Print every entry exactly once more, omitting each picture.

Source data:
────────────────

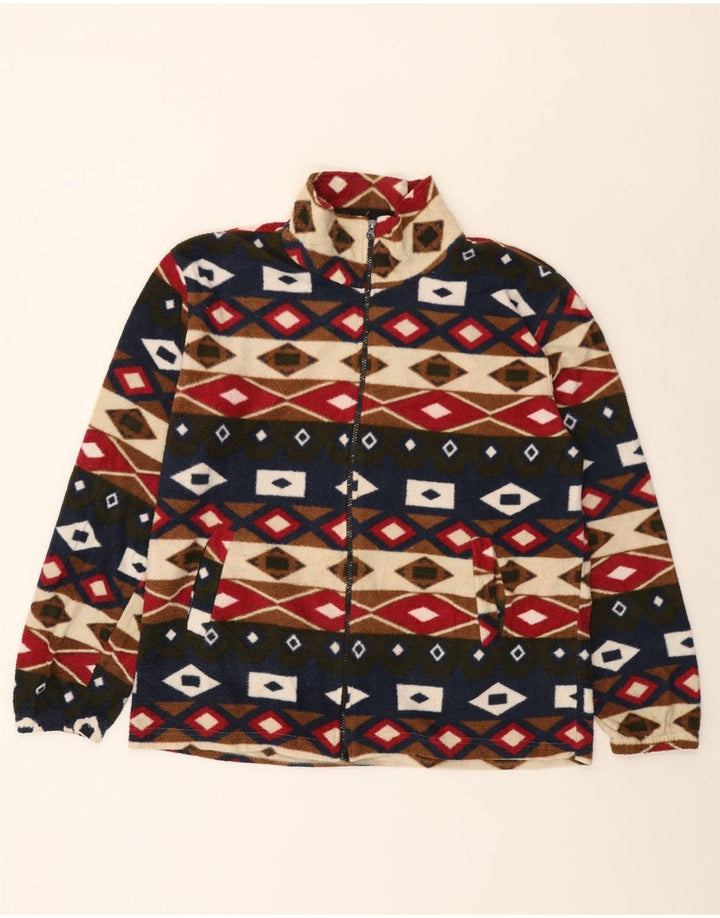 Damska kurtka polarowa oversize VINTAGE UK 16, duża, wielokolorowa, geometryczna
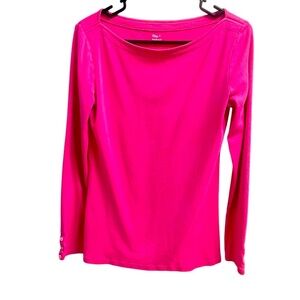 Pink Gap long sleeve top with buttons on the sleeves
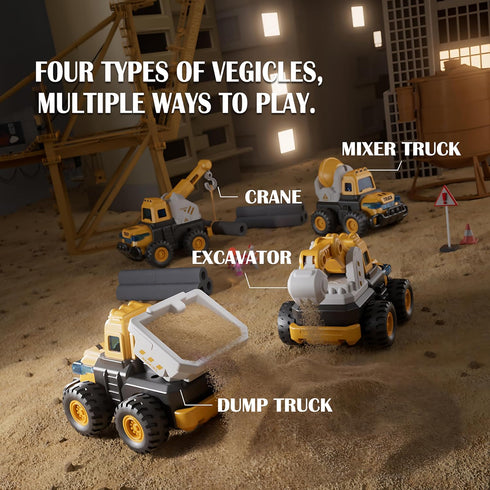 Construction Truck Toy Cars for Toddlers 1-3 - ABS Press-N-Go Toy Trucks for Boys Girls Ages 3-5, Excavator Dump Crane Mixer Cars for Construction...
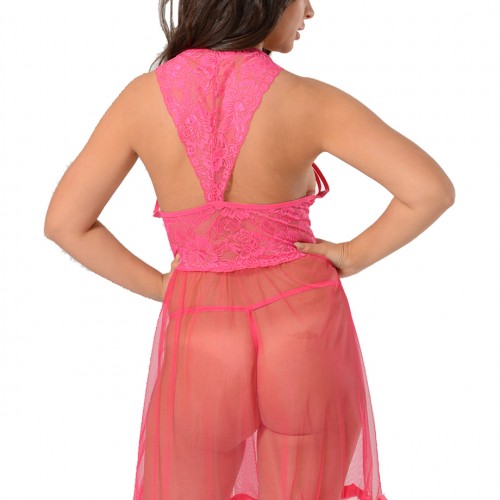 Sistina 683 Dantelli Fantazi Pembe Gecelik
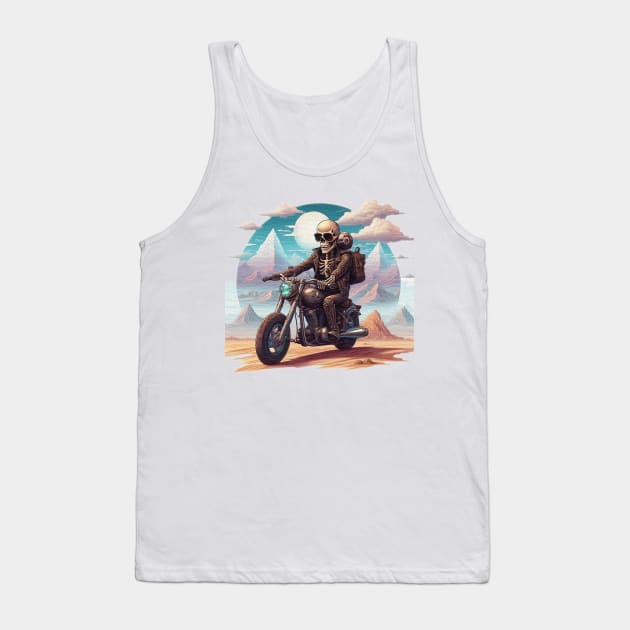 skeleton with sunglasses riding a motorcycle in the desert Tank Top by JnS Merch Store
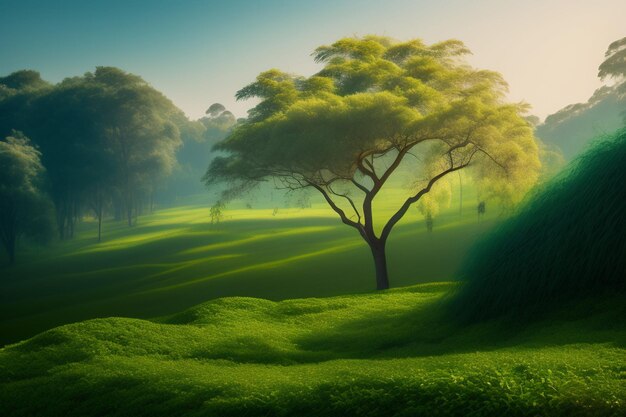 Zielony krajobraz z drzewem pośrodku obrazu.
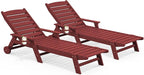 SERWALL Patio Chaise Lounge Chair Set of 2, Poly Lounge Chair by SERWALL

────────────────

**RESPONSE BELOW:**
 Damska kurtka polarowa oversize VINTAGE UK 16, duża, wielokolorowa, geometryczna
 Pink Gap long sleeve top with buttons on the sleeves
 Construction Truck Toy Cars for Toddlers 1-3 - ABS Press-N-Go Toy Trucks for Boys Girls Ages 3-5, Excavator Dump Crane Mixer Cars for Construction...
 Sistina 683 Dantelli Fantazi Pembe Gecelik
 skeleton with sunglasses riding a motorcycle in the desert Tank Top by JnS Merch Store
 Zielony krajobraz z drzewem pośrodku obrazu.
 SERWALL Patio Chaise Lounge Chair Set of 2, Poly Lounge Chair by SERWALL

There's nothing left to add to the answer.